Every app that displays data to a human is, by definition, rendering that data on screen. The screen is a universal, unblockable API. No amount of SSL Pinning, certificate transparency, or proprietary protocols can prevent an app from showing its own data to its own user.

┌─────────────────────────────────────────────────────────────┐
│                                                             │
│    Database ──→ Encrypted Channel ──→ App Logic ──→ Screen  │
│         🔒            🔒                 🔒          👁️    │
│    you can't       you can't         you can't     you CAN  │
│    access this     intercept this    reverse this  read this │
│                                                             │
└─────────────────────────────────────────────────────────────┘

lastresort turns this insight into a practical, repeatable methodology — assisted by AI to make it fast.

How It Works

┌──────────┐     ┌──────────────┐     ┌────────────────┐     ┌──────────┐
│  Android  │     │     UI       │     │   Extraction   │     │  Struct  │
│  Device   │────→│  Automation  │────→│   Pipeline     │────→│  Data    │
│  (ADB)    │     │ (uiautomator2)    │ (parse + OCR)  │     │  (CSV)   │
└──────────┘     └──────────────┘     └────────────────┘     └──────────┘
                        │                     │
                   Navigate,             Read element
                   scroll,               attributes,
                   tap, swipe            screenshot + OCR
  1. Connect to a real Android device via ADB
  2. Automate the app UI — scroll through lists, tap into details, swipe between tabs
  3. Extract data from UI element attributes (content-desc, text, resourceId) or via OCR on screenshots
  4. Output structured data (CSV, JSON, etc.)

What Makes This Different

There are plenty of UI automation tools. Here's what lastresort adds:

1. A battle-tested methodology

Not "here's an API, go figure it out" — but a step-by-step methodology born from actually scraping apps that fight back:

  1. Recon — Map the app's UI element structure
  2. Identify data carriers — Find where data hides (content-desc? pixels? nowhere obvious?)
  3. Map navigation traps — Does pressing back reset your scroll? Do filters clear?
  4. Design collection phases — Split work to survive navigation side effects
  5. Build extraction pipeline — Element parsing with OCR fallback

2. AI makes this practical

The traditional approach to UI automation scraping is agonizing — manually inspecting elements, writing brittle selectors, debugging scroll timing. AI coding agents change the game:

  • Screenshot a page → AI analyzes the element structure and suggests extraction logic
  • Paste a content-desc blob → AI writes the parser function
  • "The scroll keeps missing element #47" → AI adjusts timing and scale parameters
  • "OCR can't read this" → AI adds image preprocessing and fallback strategies

What used to take a week of trial-and-error now takes an afternoon of conversation. See the AI-assisted workflow guide.

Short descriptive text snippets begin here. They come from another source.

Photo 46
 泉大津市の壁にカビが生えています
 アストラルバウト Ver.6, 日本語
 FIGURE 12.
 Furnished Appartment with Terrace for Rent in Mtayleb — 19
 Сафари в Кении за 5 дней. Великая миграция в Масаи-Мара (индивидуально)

3. Real patterns from real scraping

Every pattern in this project was extracted from a real scraping engagement, not invented in a vacuum:

Pattern Problem it solves
Two-Phase Collection Detail pages that reset list scroll position
Fast-Scroll Targeting Skip hundreds of items to reach a known target
Stale Detection Know when you've hit the bottom of an infinite scroll
OCR Fallback Devices that render text as images (no accessible text)
Progress Checkpoint Resume a 3-hour scrape from where it crashed
Back-to-Top Exploit Turn a navigation bug into a reliable reset mechanism

Real Example: Livestream App Ranking

We scraped a Japanese livestream app that has:

  • No REST API (Android talks directly to Firestore)
  • No web version
  • SSL Pinning on all connections
  • UI rendered with no resourceId — all data packed into content-desc strings

Result: 100+ streamer profiles extracted — rank, name, scores, tags, bio, social links, X/Twitter handle — exported to CSV.

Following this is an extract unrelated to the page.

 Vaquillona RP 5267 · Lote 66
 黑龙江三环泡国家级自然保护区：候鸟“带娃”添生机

rank  name                          score  x_id        bio
1     ****😊🎊魔人&99挑戦🔥          98     @s***1118   ****光昭/****😊🎊...
2     ****ゆり                        71     @i***ri     #YOASOBI #椎名林檎...
3     ****づき🌻ゲリラ昼🌻タ方🌙      83     @h***zk     #ヨルシカ #宇多田ヒカル...

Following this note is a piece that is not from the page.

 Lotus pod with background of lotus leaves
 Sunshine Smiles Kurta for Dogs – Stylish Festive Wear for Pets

The scraper uses the Two-Phase Collection pattern:

  • Phase 1: Scroll the entire ranking list, extracting basic info from each card (never entering detail pages, so scroll position is preserved)
  • Phase 2: For each streamer, navigate from the top to their card, enter their detail page, extract bio/social links, and return

See the full example →

Quick Start

Run the example

# Install dependencies
pip install uiautomator2 pytesseract Pillow
brew install tesseract  # macOS (for OCR fallback)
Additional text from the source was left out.